Oleh: Khairiah Lubis

PUKUL tiga sore, pertengahan Oktober 2019. Ruang tamu Medan Plus di Jalan Wijaya Kesuma Medan penuh dengan para ibu beserta anak-anak mereka yang akan mengikuti pertemuan rutin Forum Peduli Anak dengan HIV Aids (FP ADHA Sumut).

Suara ibu-ibu yang sedang bercerita dan anak-anak yang bermain cukup riuh, menenggelamkan suara bujukan Melisa kepada putra sulungnya, Boy yang tampak
sedang sakit. Kedua nama ini bukan nama sebenarnya.

Melisa sendiri terlihat kurang fit. Matanya kuyu dan wajahnya pucat. Selama dua minggu menunggui Boy di rumah sakit membuatnya kurang beristirahat. Jumlah
CD4 atau sel darah putih untuk sistem imun tubuh Boy, menurun hingga 29 sel/mm3 dari standar 500-1.600 sel/mm3, seiring dengan turunnya berat badan Boy hingga ke angka 14 kilogram. Resistensi obat membuat Boy sekarang harus mengonsumsi anti retroviral (ARV) lini ke-2. Umur Boy sembilan tahun. Sejak terus-terusan sakit selama setahun ini, Boy tidak lagi pergi ke sekolah. Anak seusia Boy sekarang sudah duduk di kelas tiga sekolah dasar.

“Ayo, makan lagi nak,” kata Melisa menyemangati Boy yang pelan-pelan mengunyah ayam goreng di nasi kotak.

“Baru ini dia mau makan. Kemarin tidak ada seleranya, takut sekali saya,” tutur Melisa kepada saya.

Melisa berusia 31 tahun. Anaknya tiga orang. Boy anak pertama, diketahui positif HIV ketika berusia empat tahun, sekitar lima tahun lalu. Melisa mengetahui Boy terinfeksi HIV virus karena kematian adiknya, putra kedua Melisa, yang meninggal secara tiba-tiba.

“Dokter di Puskesmas heran, kenapa anakku bisa meninggal tiba-tiba. Akhirnya kami disarankan untuk VCT. Saya dan Boy terlebih dulu yang diperiksa. Dan hasilnya, saya dan Boy positif HIV! Oh Tuhan, rasanya seperti disambar petir!” ungkap Melisa.
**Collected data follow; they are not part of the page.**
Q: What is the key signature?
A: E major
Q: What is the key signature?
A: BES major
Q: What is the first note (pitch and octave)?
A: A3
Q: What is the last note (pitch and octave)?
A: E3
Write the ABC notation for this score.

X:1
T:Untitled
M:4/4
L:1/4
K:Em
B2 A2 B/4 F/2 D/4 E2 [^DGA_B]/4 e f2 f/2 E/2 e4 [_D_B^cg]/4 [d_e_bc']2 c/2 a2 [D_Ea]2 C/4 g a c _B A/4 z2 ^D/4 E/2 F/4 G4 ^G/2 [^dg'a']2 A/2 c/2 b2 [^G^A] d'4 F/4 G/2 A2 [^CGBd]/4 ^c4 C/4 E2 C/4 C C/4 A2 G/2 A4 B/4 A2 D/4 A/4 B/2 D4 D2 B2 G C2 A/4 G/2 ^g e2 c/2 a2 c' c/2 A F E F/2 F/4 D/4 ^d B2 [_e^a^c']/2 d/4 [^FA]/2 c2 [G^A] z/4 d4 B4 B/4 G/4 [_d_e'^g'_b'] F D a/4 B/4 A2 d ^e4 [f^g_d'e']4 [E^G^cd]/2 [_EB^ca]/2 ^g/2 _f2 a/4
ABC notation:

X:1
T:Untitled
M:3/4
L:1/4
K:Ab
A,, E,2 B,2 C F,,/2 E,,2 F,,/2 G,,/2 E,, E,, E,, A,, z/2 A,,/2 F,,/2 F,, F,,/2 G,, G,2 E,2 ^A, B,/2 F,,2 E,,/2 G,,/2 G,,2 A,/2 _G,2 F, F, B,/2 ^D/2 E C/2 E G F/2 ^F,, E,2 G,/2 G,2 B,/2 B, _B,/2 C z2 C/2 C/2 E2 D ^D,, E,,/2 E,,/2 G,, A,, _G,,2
Dua hari setelah Melisa dan Boy melakukan VCT (voluntary counseling and testing), suaminya, John, memeriksakan diri. John positif HIV. John seorang supir. Sering keluar kota. Ketika John akhirnya mengetahui bahwa dia, istrinya, dan dua anak mereka terinfeksi HIV, dia sangat menyesal. John tidak lagi kerja menjadi supir. Sekeluarga, mereka mulai mengikuti terapi ARV. Saat Melisa dan John ingin mempunyai anak lagi, mereka melakukan terapi, Pencegahan Penularan dari Ibu ke Anak (PPIA), sehingga anak ketiga mereka, Andrew, bukan nama sebenarnya, lahir negatif HIV dan sekarang sudah berusia tiga tahun.

Meskipun sudah lima tahun ini Melisa mengetahui statusnya positif HIV, tapi baru satu bulan ini dia mampu membuka statusnya tersebut kepada ibunya. Selama ini Melisa menyimpan rapat-rapat statusnya, dari ibu dan adik-adiknya.

“Sudah lama saya memikirkannya, saya bingung bagaimana cara memberitahu ibu saya. Lalu saya minta saran dari Bang Toton dan relawan di Medan Plus. Mereka menyarankan saya untuk terbuka kepada ibu saya. Akhirnya, pada saat Medan Plus ulang tahun dan buat kegiatan bersama kami, saya ajak ibu saya datang. Sebelumnya saya minta tolong dengan relawan agar menemani saya ketika membuka status ke ibu saya,” kisah Melisa.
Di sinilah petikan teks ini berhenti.